**What the task asks**
Of all the entries below, retype only the lines from the one with "Women Casual Sleep" through the one with "80's Postmodern Faux", exactly as they appear.

**Material shown**
• • • • • • •

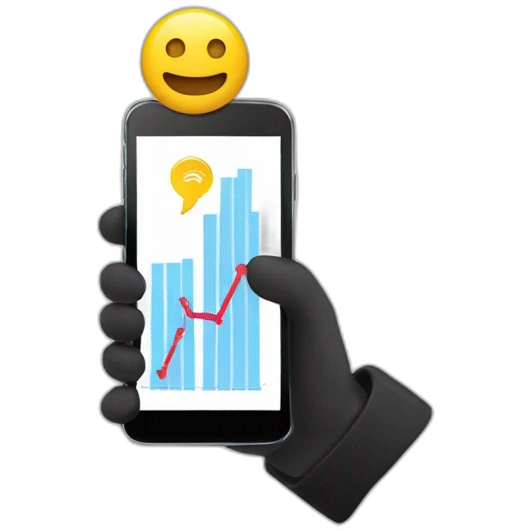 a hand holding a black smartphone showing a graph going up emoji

• • • • • • •

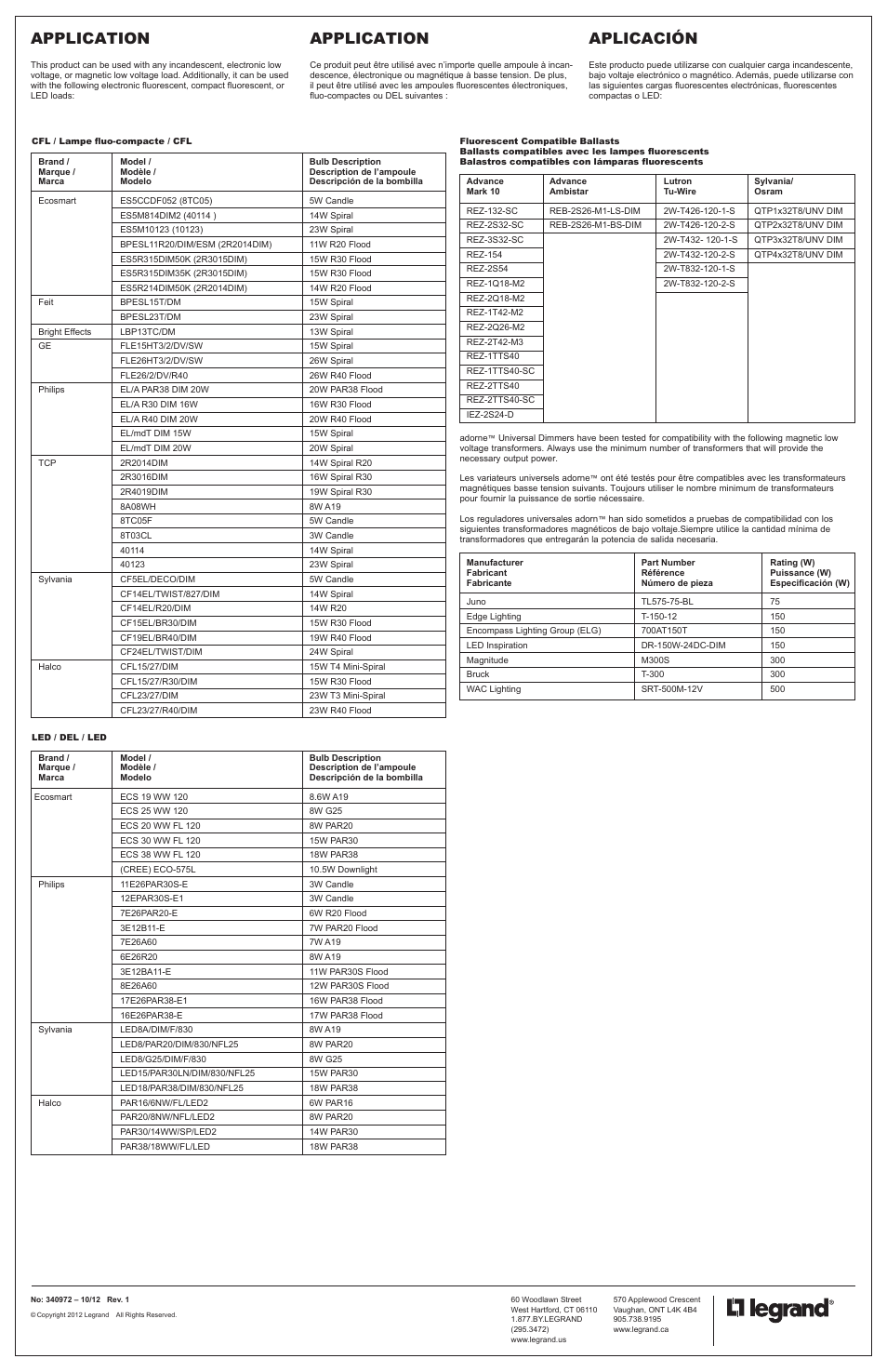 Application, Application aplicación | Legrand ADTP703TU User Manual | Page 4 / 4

• • • • • • •

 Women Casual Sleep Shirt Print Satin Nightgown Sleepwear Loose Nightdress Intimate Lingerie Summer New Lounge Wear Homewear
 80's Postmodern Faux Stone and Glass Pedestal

• • • • • • •

**Exercise result**
 Women Casual Sleep Shirt Print Satin Nightgown Sleepwear Loose Nightdress Intimate Lingerie Summer New Lounge Wear Homewear
 80's Postmodern Faux Stone and Glass Pedestal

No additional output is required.